**What this task involves:**
The data below holds the lines to copy: everything from the line containing "Crown: One-sided, variant" to the line containing "JS3TD0D71A4100290 - 2010", both ends included, set down exactly.

**Data records:**
○ ○ ○ ○ ○ ○ ○

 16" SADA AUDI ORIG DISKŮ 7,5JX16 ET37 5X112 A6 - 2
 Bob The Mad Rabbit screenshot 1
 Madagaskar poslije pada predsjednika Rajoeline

○ ○ ○ ○ ○ ○ ○

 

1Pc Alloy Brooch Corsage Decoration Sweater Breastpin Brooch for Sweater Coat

○ ○ ○ ○ ○ ○ ○

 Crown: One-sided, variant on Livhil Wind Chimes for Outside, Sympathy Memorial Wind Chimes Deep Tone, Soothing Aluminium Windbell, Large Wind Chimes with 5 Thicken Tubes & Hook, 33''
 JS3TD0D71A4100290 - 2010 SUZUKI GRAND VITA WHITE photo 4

○ ○ ○ ○ ○ ○ ○

**Exercise result:**
 Crown: One-sided, variant on Livhil Wind Chimes for Outside, Sympathy Memorial Wind Chimes Deep Tone, Soothing Aluminium Windbell, Large Wind Chimes with 5 Thicken Tubes & Hook, 33''
 JS3TD0D71A4100290 - 2010 SUZUKI GRAND VITA WHITE photo 4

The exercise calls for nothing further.